To do: Return precisely the opening lines of the listing below, ending with the line that contains "CompusconnectAI – screenshot 1".

########

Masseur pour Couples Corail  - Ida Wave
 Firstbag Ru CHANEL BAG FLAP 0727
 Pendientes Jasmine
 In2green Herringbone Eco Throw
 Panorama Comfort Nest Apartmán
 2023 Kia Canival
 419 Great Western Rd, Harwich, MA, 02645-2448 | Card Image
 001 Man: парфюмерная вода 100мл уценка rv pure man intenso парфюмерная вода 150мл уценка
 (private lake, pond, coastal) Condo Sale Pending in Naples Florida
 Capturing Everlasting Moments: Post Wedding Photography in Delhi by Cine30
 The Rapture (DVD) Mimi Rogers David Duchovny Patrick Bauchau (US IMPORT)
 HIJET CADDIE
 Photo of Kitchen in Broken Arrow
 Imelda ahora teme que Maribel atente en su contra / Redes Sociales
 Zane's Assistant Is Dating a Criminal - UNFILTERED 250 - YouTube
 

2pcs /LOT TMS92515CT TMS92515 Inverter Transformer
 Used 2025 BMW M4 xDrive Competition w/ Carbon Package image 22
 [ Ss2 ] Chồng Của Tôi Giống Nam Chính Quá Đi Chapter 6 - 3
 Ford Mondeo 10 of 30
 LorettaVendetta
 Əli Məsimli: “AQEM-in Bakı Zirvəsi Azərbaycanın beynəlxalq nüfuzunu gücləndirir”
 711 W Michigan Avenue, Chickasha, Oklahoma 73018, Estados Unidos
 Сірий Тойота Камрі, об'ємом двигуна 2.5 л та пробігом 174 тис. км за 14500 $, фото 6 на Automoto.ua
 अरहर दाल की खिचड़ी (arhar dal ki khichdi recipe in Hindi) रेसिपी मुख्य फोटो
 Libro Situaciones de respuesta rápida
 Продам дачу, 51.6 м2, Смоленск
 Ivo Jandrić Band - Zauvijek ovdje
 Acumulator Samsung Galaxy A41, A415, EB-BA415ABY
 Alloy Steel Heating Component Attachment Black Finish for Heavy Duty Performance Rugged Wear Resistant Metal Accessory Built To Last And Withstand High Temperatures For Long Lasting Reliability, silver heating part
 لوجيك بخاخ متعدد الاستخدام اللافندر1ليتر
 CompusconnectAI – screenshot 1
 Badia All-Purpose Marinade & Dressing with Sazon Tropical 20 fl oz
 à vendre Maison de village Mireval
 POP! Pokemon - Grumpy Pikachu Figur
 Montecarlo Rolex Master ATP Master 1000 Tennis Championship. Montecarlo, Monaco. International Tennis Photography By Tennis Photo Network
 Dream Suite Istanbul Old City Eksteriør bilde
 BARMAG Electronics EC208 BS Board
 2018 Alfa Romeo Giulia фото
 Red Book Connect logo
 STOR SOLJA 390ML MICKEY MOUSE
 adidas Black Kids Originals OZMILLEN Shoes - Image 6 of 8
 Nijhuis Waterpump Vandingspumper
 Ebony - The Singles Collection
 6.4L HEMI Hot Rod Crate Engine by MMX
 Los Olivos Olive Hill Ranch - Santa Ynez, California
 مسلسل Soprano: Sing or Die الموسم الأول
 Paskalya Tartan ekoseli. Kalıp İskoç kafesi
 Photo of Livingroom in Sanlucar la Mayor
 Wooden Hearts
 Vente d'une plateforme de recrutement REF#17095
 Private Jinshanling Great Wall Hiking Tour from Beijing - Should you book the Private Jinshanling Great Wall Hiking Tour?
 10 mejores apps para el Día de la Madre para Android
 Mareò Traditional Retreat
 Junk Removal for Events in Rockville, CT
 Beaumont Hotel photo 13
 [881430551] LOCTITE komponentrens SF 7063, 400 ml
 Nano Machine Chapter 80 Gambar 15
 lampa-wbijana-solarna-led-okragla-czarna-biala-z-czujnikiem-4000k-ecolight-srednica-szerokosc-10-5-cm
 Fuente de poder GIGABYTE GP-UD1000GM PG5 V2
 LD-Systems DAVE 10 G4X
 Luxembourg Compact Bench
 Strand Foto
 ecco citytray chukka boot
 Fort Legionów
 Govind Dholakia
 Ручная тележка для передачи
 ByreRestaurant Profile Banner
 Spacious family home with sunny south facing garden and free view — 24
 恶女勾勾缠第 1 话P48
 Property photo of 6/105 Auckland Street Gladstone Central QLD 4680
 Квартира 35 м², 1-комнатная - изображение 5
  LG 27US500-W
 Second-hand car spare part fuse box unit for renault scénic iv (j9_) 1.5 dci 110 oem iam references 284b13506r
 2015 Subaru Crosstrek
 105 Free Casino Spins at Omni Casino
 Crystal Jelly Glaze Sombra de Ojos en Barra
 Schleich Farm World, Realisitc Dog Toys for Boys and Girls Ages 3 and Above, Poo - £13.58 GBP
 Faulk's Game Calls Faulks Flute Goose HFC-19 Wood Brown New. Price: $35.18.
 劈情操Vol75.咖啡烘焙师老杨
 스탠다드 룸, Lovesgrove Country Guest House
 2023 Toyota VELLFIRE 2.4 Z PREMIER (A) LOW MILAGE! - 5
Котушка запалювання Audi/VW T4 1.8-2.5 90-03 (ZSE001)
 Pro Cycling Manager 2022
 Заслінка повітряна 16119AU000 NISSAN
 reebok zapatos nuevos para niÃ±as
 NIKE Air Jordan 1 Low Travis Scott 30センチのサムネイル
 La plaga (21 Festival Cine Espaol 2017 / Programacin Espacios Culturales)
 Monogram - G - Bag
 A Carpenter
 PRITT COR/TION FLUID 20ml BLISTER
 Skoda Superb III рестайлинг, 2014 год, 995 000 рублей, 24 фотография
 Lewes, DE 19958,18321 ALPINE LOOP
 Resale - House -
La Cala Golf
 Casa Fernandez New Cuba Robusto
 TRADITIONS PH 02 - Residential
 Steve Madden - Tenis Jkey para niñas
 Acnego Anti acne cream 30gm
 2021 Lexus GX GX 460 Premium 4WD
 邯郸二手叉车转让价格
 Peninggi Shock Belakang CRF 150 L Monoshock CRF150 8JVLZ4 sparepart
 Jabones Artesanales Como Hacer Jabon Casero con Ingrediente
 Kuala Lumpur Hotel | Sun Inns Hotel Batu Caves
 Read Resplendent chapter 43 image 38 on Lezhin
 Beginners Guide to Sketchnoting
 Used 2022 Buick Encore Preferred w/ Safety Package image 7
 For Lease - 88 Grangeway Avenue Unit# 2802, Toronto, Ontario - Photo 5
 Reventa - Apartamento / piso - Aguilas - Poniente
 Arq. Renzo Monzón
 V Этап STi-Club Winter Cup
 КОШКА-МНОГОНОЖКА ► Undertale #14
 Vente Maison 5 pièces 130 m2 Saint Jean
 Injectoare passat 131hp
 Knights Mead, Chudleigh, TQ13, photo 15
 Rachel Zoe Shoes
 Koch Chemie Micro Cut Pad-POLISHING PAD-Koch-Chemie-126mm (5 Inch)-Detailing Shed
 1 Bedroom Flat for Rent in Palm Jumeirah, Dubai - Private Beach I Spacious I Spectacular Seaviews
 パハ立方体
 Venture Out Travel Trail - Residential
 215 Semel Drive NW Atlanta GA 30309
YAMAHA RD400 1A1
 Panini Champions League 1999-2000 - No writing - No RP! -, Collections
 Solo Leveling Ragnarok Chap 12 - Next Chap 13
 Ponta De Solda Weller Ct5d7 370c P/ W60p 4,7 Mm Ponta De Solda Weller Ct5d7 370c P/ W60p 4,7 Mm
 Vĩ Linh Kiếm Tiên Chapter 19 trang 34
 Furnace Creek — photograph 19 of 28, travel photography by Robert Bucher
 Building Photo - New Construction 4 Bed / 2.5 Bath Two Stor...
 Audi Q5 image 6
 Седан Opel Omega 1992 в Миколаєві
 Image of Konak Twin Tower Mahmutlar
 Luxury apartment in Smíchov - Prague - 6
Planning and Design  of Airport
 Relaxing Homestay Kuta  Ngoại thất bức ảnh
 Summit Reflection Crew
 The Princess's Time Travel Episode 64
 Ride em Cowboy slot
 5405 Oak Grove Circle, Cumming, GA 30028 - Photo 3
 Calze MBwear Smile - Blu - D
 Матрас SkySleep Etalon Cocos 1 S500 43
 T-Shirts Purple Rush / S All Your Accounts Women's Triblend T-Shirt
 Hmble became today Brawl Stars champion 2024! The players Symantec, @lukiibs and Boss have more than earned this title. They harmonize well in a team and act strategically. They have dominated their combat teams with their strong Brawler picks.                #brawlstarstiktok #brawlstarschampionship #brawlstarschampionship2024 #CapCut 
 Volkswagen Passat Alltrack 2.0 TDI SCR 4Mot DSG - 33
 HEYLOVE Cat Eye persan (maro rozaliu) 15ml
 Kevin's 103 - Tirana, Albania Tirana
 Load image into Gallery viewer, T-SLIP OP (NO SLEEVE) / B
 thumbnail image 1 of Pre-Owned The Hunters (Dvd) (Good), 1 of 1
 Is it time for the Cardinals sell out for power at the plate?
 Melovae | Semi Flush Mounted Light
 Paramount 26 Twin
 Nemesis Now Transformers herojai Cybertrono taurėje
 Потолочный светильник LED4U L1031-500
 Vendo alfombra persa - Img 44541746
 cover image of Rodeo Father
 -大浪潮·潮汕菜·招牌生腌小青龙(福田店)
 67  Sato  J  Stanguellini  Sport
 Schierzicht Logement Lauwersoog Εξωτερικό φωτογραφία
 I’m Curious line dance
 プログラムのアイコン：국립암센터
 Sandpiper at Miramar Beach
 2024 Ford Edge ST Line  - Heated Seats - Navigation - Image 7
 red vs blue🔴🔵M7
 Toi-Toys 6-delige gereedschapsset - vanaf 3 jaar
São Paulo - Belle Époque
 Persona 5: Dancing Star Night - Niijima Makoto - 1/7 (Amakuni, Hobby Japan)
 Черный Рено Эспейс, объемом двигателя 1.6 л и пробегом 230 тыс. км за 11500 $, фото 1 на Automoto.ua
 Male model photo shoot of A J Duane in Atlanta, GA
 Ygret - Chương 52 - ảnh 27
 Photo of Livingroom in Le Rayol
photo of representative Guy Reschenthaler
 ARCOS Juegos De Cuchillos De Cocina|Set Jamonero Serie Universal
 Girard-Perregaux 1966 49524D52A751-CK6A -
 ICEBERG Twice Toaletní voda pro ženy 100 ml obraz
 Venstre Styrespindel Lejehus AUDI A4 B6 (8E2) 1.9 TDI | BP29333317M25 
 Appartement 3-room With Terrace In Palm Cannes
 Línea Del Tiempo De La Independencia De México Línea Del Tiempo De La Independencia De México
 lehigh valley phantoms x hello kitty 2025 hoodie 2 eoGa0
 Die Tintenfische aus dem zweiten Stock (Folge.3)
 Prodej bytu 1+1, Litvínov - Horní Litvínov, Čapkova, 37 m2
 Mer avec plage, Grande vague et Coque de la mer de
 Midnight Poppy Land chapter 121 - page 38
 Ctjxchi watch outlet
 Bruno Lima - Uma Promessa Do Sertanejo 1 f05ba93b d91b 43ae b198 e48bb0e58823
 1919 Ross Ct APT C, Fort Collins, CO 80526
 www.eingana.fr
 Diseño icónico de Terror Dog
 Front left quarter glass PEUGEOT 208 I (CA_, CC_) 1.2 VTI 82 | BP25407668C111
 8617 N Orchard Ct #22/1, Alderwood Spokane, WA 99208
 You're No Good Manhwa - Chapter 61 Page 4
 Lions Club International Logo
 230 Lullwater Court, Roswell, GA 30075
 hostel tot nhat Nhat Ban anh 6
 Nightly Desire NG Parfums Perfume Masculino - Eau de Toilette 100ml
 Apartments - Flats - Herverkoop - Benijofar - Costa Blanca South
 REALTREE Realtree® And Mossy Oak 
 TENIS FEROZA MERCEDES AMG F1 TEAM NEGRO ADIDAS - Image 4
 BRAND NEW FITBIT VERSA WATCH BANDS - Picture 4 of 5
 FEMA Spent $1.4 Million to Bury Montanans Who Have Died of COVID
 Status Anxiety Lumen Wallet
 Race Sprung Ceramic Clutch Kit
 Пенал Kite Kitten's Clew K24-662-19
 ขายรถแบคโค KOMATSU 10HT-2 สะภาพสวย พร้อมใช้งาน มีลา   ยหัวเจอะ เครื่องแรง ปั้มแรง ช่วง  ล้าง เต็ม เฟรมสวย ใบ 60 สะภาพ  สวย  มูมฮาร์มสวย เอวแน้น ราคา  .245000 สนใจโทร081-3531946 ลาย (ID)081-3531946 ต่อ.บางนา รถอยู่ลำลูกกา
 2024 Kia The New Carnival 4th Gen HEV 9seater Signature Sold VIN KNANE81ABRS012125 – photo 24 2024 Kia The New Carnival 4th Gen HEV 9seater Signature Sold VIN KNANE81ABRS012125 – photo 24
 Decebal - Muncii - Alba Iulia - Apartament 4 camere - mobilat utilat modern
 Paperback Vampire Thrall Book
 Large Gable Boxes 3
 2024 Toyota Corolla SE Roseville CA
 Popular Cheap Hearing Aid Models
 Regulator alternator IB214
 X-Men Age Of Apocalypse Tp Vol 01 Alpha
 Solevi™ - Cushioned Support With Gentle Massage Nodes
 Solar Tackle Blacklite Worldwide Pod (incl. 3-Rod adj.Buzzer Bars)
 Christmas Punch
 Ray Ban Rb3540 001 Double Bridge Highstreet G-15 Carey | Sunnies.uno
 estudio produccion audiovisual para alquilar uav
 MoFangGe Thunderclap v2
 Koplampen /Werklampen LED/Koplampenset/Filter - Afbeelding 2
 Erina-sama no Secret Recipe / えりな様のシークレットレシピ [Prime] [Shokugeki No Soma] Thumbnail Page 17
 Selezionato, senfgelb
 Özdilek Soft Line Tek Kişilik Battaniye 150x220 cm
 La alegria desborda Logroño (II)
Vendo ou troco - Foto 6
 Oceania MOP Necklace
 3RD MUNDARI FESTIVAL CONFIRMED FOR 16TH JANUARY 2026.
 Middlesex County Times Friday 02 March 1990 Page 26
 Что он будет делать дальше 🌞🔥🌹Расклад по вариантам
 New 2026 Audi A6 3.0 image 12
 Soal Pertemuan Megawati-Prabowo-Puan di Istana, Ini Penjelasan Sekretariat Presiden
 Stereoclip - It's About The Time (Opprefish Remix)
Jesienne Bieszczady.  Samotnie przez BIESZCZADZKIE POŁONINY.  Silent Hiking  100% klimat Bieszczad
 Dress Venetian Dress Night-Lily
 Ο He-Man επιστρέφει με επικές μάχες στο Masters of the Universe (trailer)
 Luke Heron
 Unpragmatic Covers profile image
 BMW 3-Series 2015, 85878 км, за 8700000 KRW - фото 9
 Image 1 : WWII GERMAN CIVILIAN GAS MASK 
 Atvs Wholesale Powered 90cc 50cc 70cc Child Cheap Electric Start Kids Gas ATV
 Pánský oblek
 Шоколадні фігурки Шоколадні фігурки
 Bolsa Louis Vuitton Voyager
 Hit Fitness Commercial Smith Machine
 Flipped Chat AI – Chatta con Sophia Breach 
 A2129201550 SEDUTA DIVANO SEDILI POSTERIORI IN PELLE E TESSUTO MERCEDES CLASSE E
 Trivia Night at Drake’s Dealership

########

Reply to the exercise:
Masseur pour Couples Corail  - Ida Wave
 Firstbag Ru CHANEL BAG FLAP 0727
 Pendientes Jasmine
 In2green Herringbone Eco Throw
 Panorama Comfort Nest Apartmán
 2023 Kia Canival
 419 Great Western Rd, Harwich, MA, 02645-2448 | Card Image
 001 Man: парфюмерная вода 100мл уценка rv pure man intenso парфюмерная вода 150мл уценка
 (private lake, pond, coastal) Condo Sale Pending in Naples Florida
 Capturing Everlasting Moments: Post Wedding Photography in Delhi by Cine30
 The Rapture (DVD) Mimi Rogers David Duchovny Patrick Bauchau (US IMPORT)
 HIJET CADDIE
 Photo of Kitchen in Broken Arrow
 Imelda ahora teme que Maribel atente en su contra / Redes Sociales
 Zane's Assistant Is Dating a Criminal - UNFILTERED 250 - YouTube
 

2pcs /LOT TMS92515CT TMS92515 Inverter Transformer
 Used 2025 BMW M4 xDrive Competition w/ Carbon Package image 22
 [ Ss2 ] Chồng Của Tôi Giống Nam Chính Quá Đi Chapter 6 - 3
 Ford Mondeo 10 of 30
 LorettaVendetta
 Əli Məsimli: “AQEM-in Bakı Zirvəsi Azərbaycanın beynəlxalq nüfuzunu gücləndirir”
 711 W Michigan Avenue, Chickasha, Oklahoma 73018, Estados Unidos
 Сірий Тойота Камрі, об'ємом двигуна 2.5 л та пробігом 174 тис. км за 14500 $, фото 6 на Automoto.ua
 अरहर दाल की खिचड़ी (arhar dal ki khichdi recipe in Hindi) रेसिपी मुख्य फोटो
 Libro Situaciones de respuesta rápida
 Продам дачу, 51.6 м2, Смоленск
 Ivo Jandrić Band - Zauvijek ovdje
 Acumulator Samsung Galaxy A41, A415, EB-BA415ABY
 Alloy Steel Heating Component Attachment Black Finish for Heavy Duty Performance Rugged Wear Resistant Metal Accessory Built To Last And Withstand High Temperatures For Long Lasting Reliability, silver heating part
 لوجيك بخاخ متعدد الاستخدام اللافندر1ليتر
 CompusconnectAI – screenshot 1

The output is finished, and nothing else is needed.